# Assignment:
Please output only the lines running from the one that contains "kwmobile telefoonhoesje geschikt" through the last line of the data below, exactly as they stand, with no pictures.

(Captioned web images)
○ ○ ○

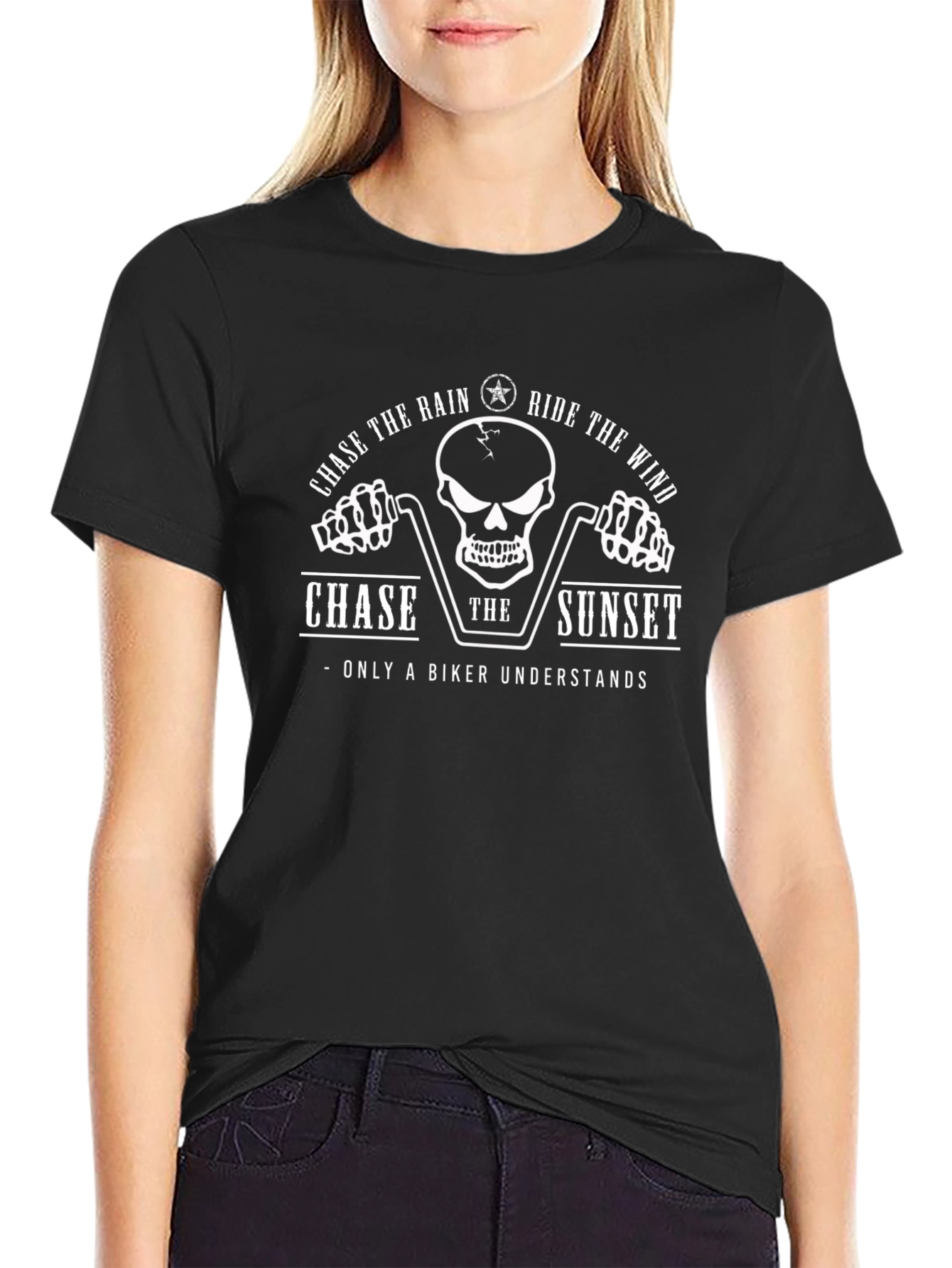 Biker Skull Graphic T-Shirt - Chase the Sunset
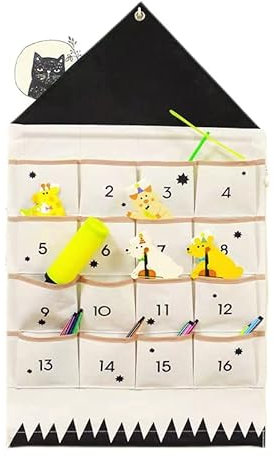 MASINIES Adventskalender aus Stoff, Adventskalender, Ornament, Weihnachten, befüllbar, Adventskalender, leer, Adventskalender, Zuhause, Wandbehang, Dekoration
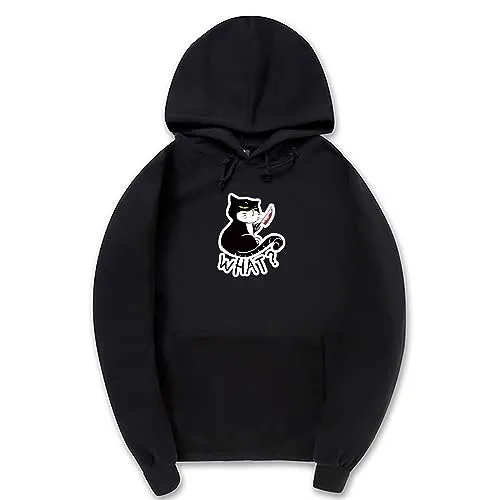 CORIRESHA Unisex Funny With Knife Cat Hoodie Drawstring Kangaroo Pocket Halloween Sweatshirt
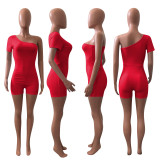 Solid One Shoulder Short Sleeve Romper NIK-241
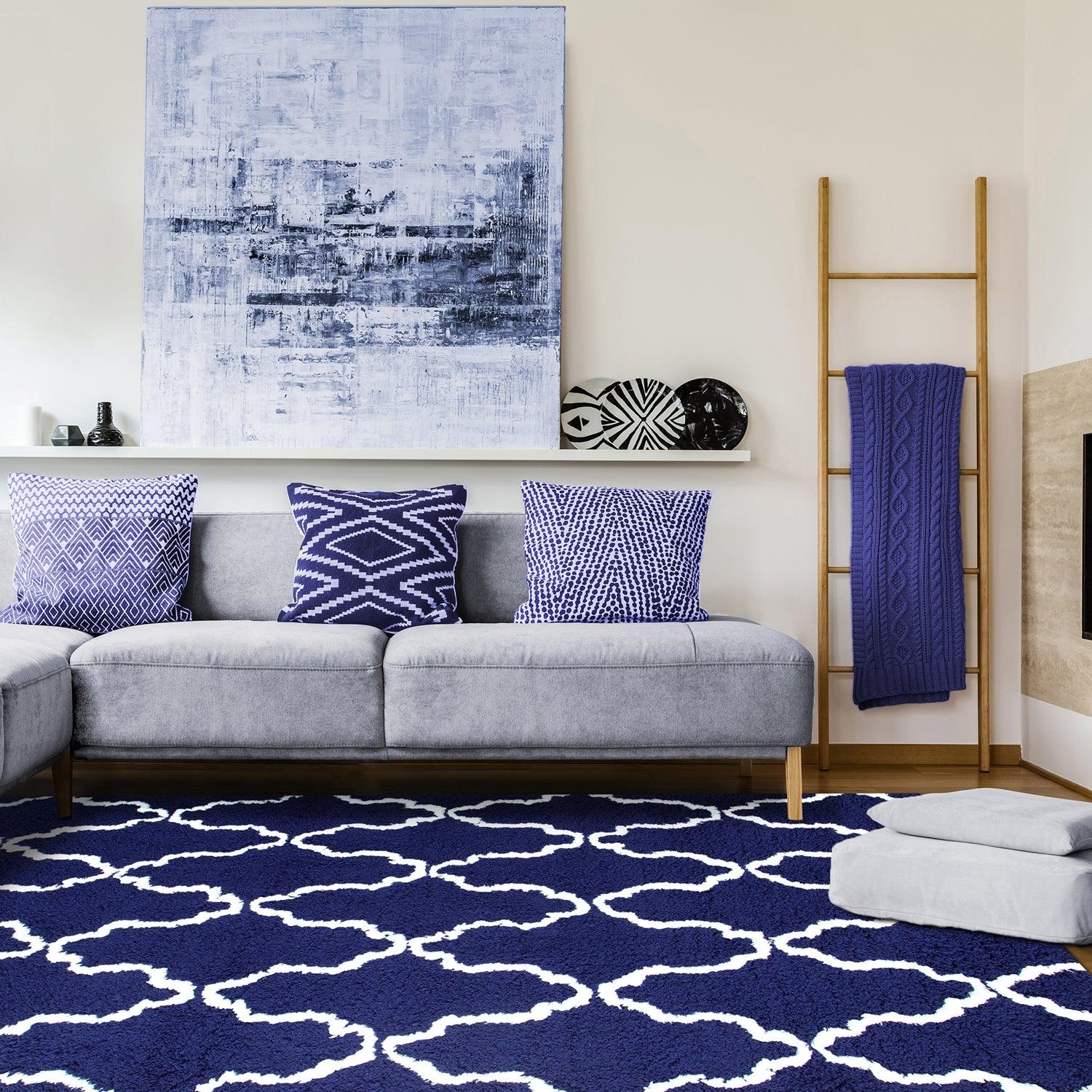  Superior Hand-Tufted Trellis Shag Area Rug - Navy Blue/White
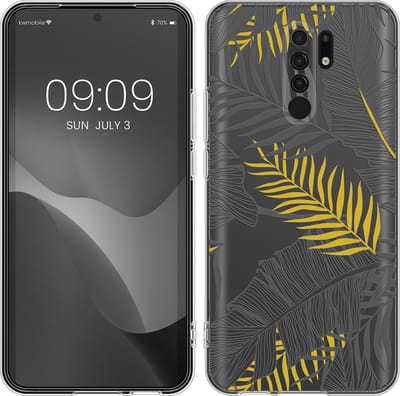 kwmobile telefoonhoesje geschikt voor Xiaomi Redmi 9 - Hoesje voor smartphone in geel / grijs / transparant - Jungle design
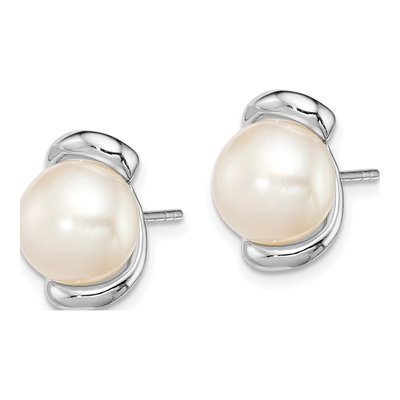 Sterling Silver Freshwater Cultured Pearl Button Stud Earrings – view 3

○ ○ ○

# Output below:
 kwmobile telefoonhoesje geschikt voor Xiaomi Redmi 9 - Hoesje voor smartphone in geel / grijs / transparant - Jungle design
 Sterling Silver Freshwater Cultured Pearl Button Stud Earrings – view 3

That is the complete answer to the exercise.